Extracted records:
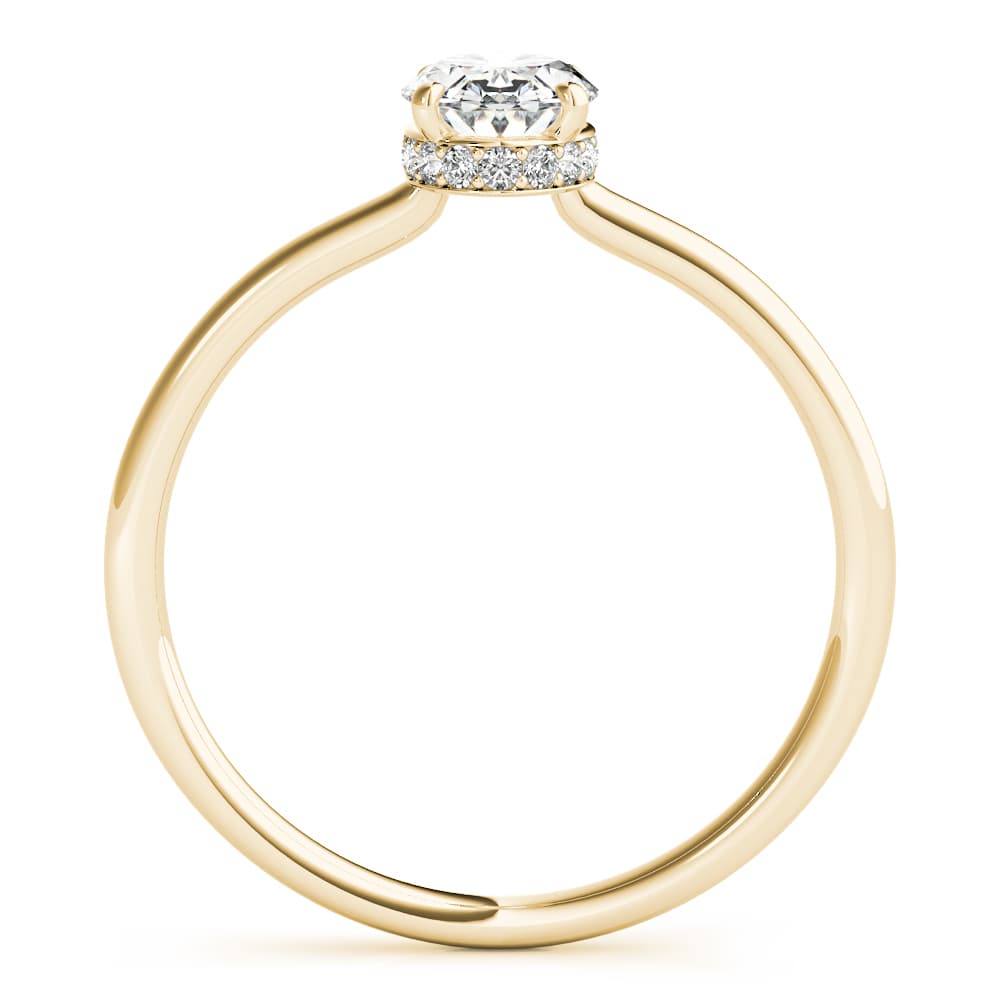 Hidden Halo Oval Engagement Ring, style 51141, Side view in yellow gold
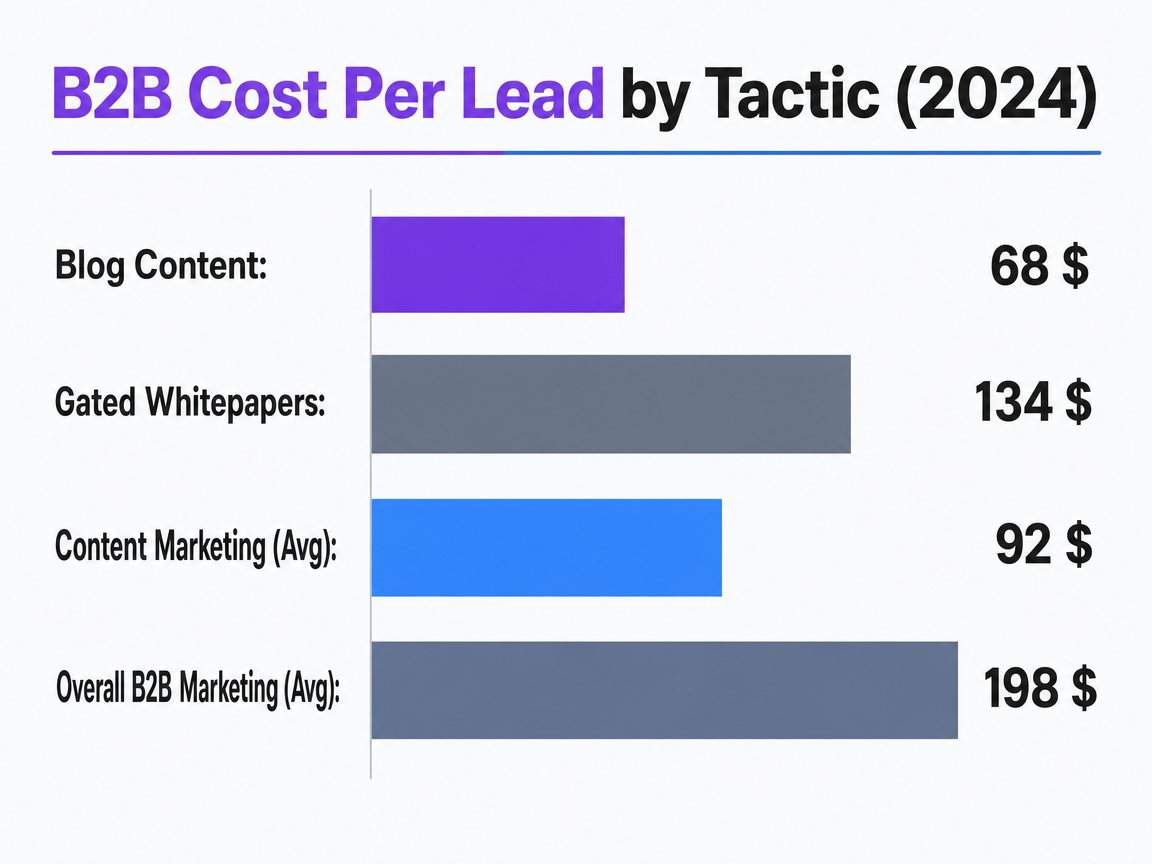 Chart showing B2B Cost Per Lead by Tactic (2024)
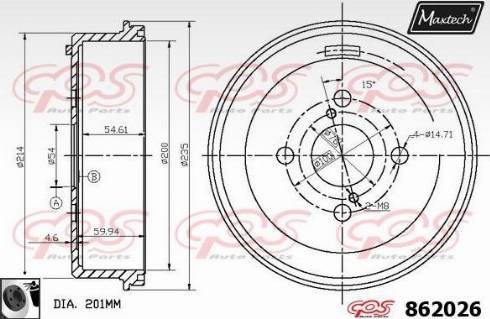 Maxtech 862026.0060 - Bremžu trumulis ps1.lv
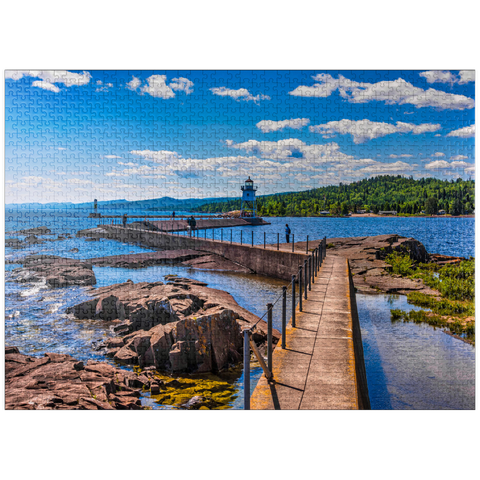 puzzleplate Grand Marais Light against the backdrop of the Sawtooth Mountains on Lake Superior 1000 Jigsaw Puzzle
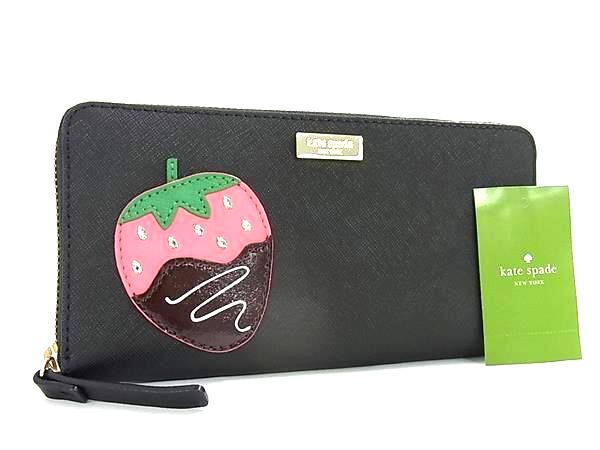 1円 ■新品同様■ kate spade ケイトスペード レザー ストロベリー ラウンドファスナー 長財布 ウォレット 小銭入れ ブラック系 GA6398拍卖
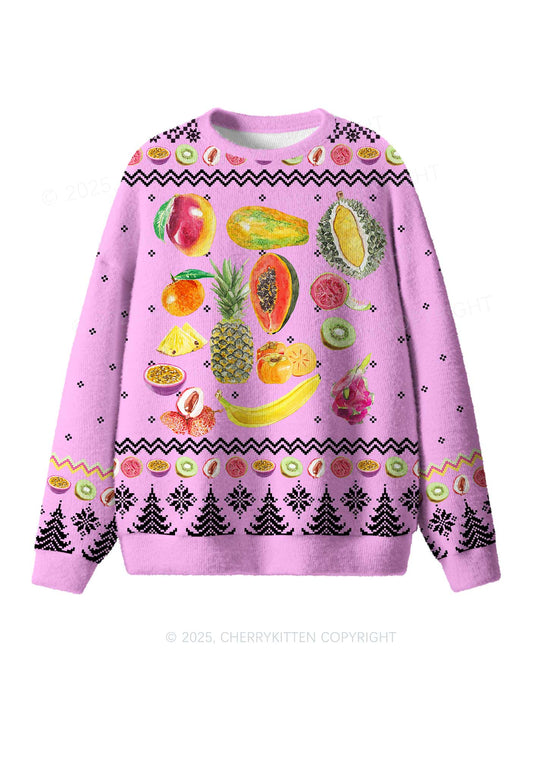 Fruity Y2K Christmas Knit Sweatshirt Cherrykitten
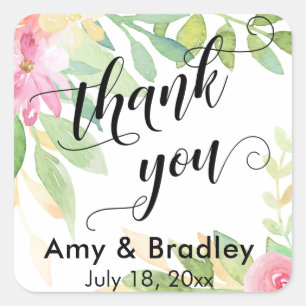 Pink Flowers Script Thank You Personalized Wedding Square Sticker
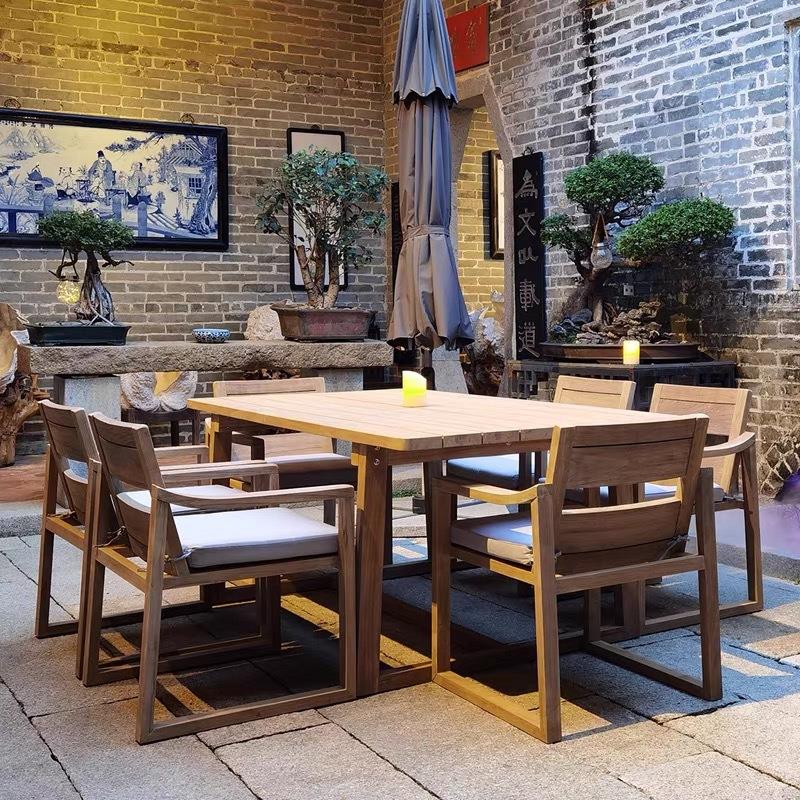 户防腐木桌椅院露美式长桌天花园闲防水防晒柚庭木桌外做旧实木休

- Work instructions
With the pictures left out, give again exactly the lines from the one that contains "1円 ■新品同様■ kate" through the final line of the data above.

- Reply to the exercise
 1円 ■新品同様■ kate spade ケイトスペード レザー ストロベリー ラウンドファスナー 長財布 ウォレット 小銭入れ ブラック系 GA6398拍卖
 Fruity Y2K Christmas Knit Sweatshirt Cherrykitten
 Pink Flowers Script Thank You Personalized Wedding Square Sticker
 户防腐木桌椅院露美式长桌天花园闲防水防晒柚庭木桌外做旧实木休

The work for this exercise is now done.